[Opening Data provided section]

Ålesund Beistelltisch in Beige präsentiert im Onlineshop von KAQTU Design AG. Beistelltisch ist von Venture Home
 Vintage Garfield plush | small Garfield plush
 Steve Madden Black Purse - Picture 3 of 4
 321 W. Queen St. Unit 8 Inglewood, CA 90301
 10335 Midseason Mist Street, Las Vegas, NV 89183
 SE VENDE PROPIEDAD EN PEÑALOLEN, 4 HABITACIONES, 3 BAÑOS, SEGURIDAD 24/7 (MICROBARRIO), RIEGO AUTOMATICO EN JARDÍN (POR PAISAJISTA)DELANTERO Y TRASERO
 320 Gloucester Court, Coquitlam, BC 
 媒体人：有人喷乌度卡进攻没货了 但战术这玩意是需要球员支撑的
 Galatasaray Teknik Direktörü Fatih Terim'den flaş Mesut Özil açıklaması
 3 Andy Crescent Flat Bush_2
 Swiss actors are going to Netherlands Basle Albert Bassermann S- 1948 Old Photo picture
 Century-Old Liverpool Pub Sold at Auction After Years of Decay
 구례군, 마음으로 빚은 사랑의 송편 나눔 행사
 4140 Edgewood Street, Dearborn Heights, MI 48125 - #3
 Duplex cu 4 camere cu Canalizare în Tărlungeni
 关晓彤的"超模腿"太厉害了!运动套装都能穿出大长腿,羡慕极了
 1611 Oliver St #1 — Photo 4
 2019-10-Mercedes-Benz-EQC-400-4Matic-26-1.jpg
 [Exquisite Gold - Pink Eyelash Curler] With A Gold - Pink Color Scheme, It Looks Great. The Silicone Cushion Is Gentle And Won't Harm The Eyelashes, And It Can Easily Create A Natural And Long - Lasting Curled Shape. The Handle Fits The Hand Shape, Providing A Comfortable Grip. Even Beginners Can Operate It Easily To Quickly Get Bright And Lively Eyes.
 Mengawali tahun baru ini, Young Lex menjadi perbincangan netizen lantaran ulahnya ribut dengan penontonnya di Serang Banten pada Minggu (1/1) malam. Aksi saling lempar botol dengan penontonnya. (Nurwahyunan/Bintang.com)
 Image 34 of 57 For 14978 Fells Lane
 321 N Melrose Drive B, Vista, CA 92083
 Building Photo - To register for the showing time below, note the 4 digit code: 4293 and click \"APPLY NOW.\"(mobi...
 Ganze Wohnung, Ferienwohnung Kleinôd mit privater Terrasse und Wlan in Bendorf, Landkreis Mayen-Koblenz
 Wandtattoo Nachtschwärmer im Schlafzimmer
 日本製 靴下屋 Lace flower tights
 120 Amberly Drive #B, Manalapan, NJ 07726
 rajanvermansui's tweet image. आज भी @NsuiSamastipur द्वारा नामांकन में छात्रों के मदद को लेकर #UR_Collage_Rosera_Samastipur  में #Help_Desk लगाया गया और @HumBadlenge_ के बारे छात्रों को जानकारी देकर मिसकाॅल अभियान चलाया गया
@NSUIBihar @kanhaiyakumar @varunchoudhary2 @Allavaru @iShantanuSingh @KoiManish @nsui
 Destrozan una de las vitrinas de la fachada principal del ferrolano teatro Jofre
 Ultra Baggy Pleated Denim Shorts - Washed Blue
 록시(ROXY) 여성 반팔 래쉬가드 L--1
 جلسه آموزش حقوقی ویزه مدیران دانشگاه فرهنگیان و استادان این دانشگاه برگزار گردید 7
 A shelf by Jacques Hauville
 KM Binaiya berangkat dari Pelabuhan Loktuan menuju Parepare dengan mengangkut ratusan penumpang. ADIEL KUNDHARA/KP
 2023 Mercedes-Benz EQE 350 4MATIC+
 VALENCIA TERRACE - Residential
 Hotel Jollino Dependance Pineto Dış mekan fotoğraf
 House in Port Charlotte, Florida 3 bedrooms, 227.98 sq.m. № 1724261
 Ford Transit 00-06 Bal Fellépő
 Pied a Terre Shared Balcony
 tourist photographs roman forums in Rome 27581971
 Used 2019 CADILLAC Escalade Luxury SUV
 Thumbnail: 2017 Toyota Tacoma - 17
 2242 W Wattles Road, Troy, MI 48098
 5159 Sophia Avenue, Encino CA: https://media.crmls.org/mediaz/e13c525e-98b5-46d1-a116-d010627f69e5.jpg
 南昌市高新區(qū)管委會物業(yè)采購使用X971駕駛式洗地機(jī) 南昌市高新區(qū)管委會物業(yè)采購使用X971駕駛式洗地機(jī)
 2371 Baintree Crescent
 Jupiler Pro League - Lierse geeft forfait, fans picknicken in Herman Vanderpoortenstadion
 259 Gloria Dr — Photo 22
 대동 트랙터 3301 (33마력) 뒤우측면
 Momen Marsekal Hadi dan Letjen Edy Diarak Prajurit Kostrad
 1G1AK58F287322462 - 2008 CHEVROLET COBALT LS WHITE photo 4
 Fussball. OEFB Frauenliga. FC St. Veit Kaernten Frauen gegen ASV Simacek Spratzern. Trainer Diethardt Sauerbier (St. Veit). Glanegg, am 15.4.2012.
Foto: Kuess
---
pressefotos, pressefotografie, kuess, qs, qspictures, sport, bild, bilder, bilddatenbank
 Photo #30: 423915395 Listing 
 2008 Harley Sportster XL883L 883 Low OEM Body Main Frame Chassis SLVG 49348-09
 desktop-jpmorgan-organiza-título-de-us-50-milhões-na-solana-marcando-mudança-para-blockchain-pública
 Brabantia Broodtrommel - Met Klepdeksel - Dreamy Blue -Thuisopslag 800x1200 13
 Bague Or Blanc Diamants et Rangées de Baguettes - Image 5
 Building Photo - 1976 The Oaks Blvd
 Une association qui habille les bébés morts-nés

[Closing Data provided section]

● What to produce:
Your answer should be the lines above, from the line containing "Swiss actors are" up to and including the line containing "2019-10-Mercedes-Benz-EQC-400-4Matic-26-1.jpg", reproduced exactly and with nothing else.

● Result for this task:
 Swiss actors are going to Netherlands Basle Albert Bassermann S- 1948 Old Photo picture
 Century-Old Liverpool Pub Sold at Auction After Years of Decay
 구례군, 마음으로 빚은 사랑의 송편 나눔 행사
 4140 Edgewood Street, Dearborn Heights, MI 48125 - #3
 Duplex cu 4 camere cu Canalizare în Tărlungeni
 关晓彤的"超模腿"太厉害了!运动套装都能穿出大长腿,羡慕极了
 1611 Oliver St #1 — Photo 4
 2019-10-Mercedes-Benz-EQC-400-4Matic-26-1.jpg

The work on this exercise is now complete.